Crítica 'La Sapienza'

Hágase la luz

La Sapienza. Drama, Francia, 2014, 101 min. Dirección: Eugène Green. Intérpretes: Fabrizio Rongione, Christelle Prot, Ludovico Succio.

Green permite reposar la retina, limpiarla, también sacudirse del oído los ruidos y la palabrería. La Sapienza es una película que crece después de cada visionado, cuando dejamos de prestar atención a la historia de elevación y al relato de formación y atendemos a los detalles, a la manera en la que el cineasta filma la piedra y las sonrisas, lo sólido y lo pasajero, y con ello advertimos su condición de orfebre de cada pequeña pieza de su cadena hacia la gracia.

En La Sapienza Green hace gala de nuevo de su pasión arqueológica, del gusto por la palabra encarnada, interiorizada, depositaria de lo sagrado tal y como la consideraron los barrocos y también aquellos románticos que antes de recostarse sobre tumbas y nichos se ejercitaron en el lenguaje secreto de las cosas, en el murmullo de la naturaleza. Y la palabra que compromete y se abre al sentido es aquí perseguida por dos parejas que se dejan estilizar posturas y cuerpos para darle una mayor resonancia a lo que dicen. En el cine de Green se trata de un estado de cosas que se agrieta a base de preguntas (¿por qué?, ¿cómo?), a base de un movimiento filosófico; un ejercicio de mayéutica socrática que desemboca en la asunción wittgensteiniana de que ética y estética son una y la misma cosa: preguntando y hablando se llega a un límite a partir del cual el decir se debe trocar en mostración y en acción.

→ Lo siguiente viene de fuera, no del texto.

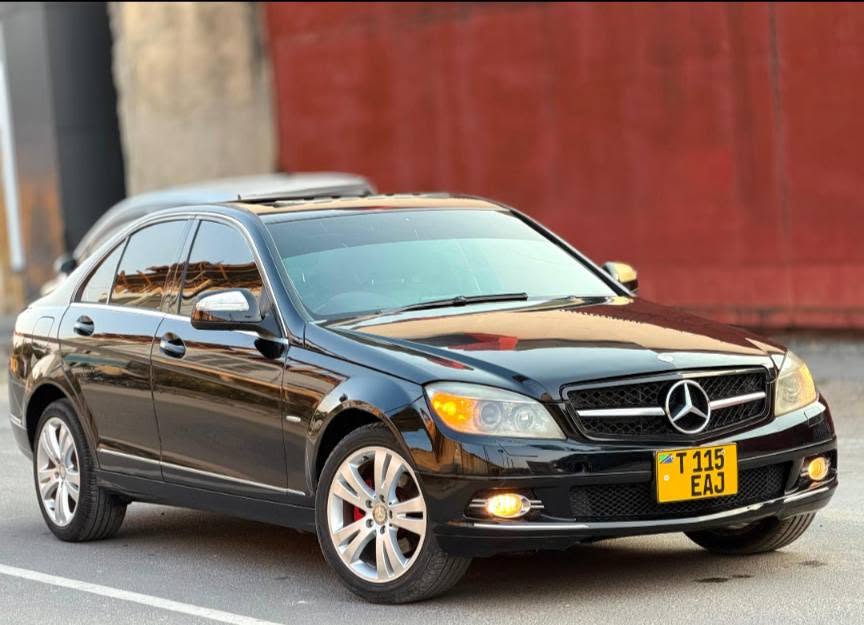A picture of MERCEDES BENZ C 200 BEI 16 5M YEAR 2010 ENGINE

La Sapienza, por eso, es a la fuerza un filme redundante sobre arquitectura, sobre ese enigma más allá de la belleza y la ciencia que concita Borromini; sobre cómo representar el espacio y el tiempo a partir de la luz, que sigue siendo la materia prima del cine, y traspasar las fronteras de la gramática, de la comunicación. Y Green lo consigue renovando votos con la desnudez de todo origen (las panorámicas sobre el eje horizontal y vertical) y demostrando que el montaje paralelo (como lo supo Griffith, Vigo o Borzage) sirve para muy poco si además de alternar acciones no establece correspondencias, un invisible intercambio de ideas y afectos que exorciza toda oscuridad.